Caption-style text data
·····

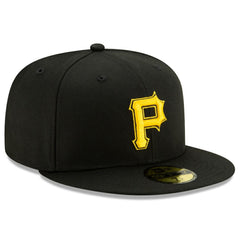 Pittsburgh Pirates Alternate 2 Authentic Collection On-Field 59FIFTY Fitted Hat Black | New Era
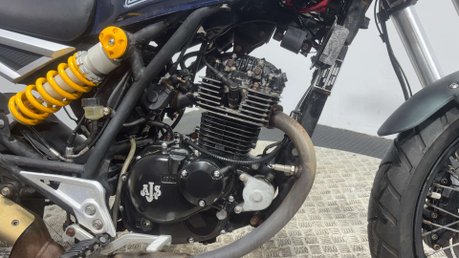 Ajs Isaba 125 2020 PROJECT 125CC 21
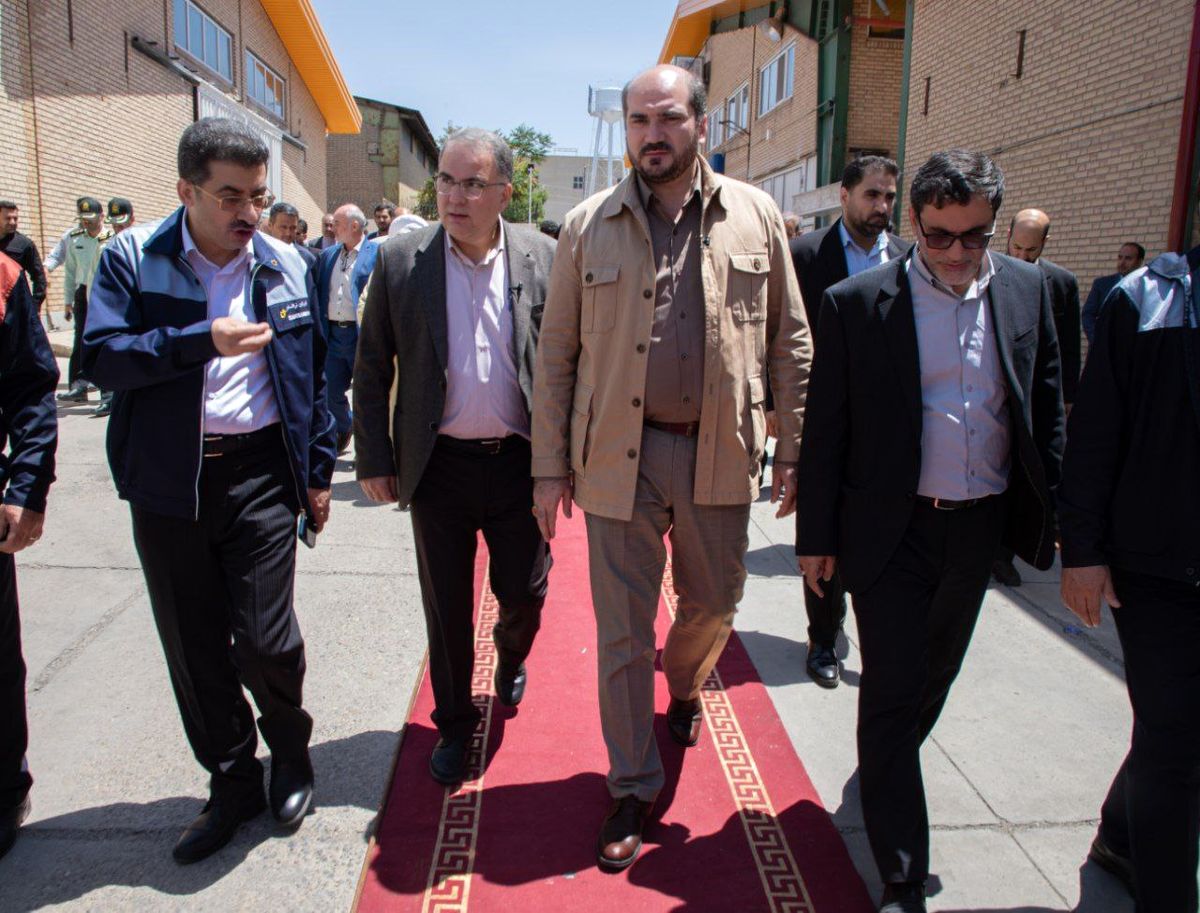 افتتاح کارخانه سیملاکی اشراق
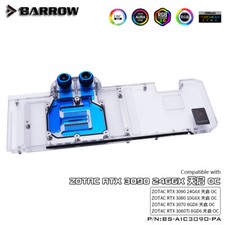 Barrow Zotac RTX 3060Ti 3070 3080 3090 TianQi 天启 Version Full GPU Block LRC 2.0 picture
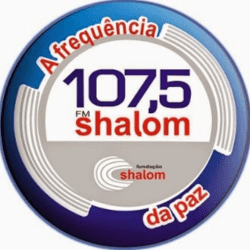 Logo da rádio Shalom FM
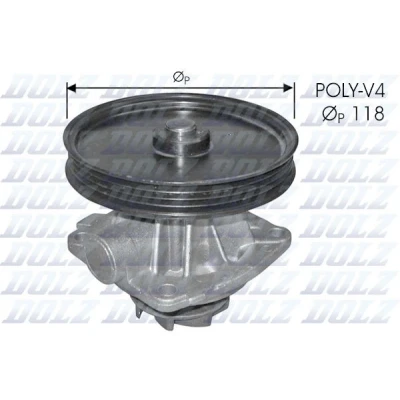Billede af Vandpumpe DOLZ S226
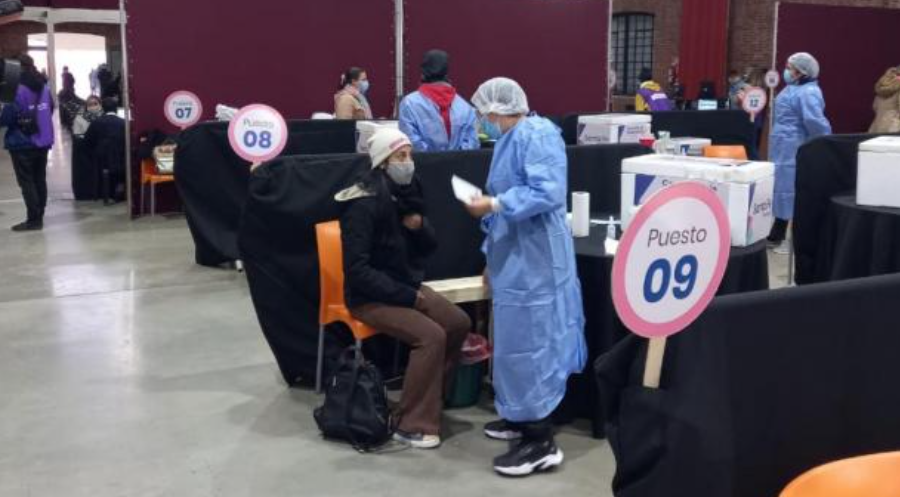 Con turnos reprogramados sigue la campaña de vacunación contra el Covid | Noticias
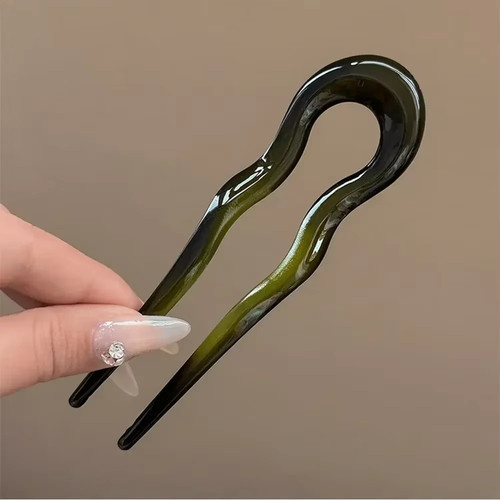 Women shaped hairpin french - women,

·····

Task directions: When you copy the records above, keep every word exact but leave out the pictures.

Your response:
 Pittsburgh Pirates Alternate 2 Authentic Collection On-Field 59FIFTY Fitted Hat Black | New Era
 Ajs Isaba 125 2020 PROJECT 125CC 21
 افتتاح کارخانه سیملاکی اشراق
 Barrow Zotac RTX 3060Ti 3070 3080 3090 TianQi 天启 Version Full GPU Block LRC 2.0 picture
 Logo da rádio Shalom FM
Billede af Vandpumpe DOLZ S226
 Con turnos reprogramados sigue la campaña de vacunación contra el Covid | Noticias
 Women shaped hairpin french - women,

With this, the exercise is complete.